Start of The data
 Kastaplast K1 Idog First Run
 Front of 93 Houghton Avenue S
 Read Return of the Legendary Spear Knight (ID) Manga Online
End of The data
Brief:
What are the lines from the one containing "Front of 93 Houghton Avenue S" to the end of the material above? Return them exactly, and only them.

Task response:
 Front of 93 Houghton Avenue S
 Read Return of the Legendary Spear Knight (ID) Manga Online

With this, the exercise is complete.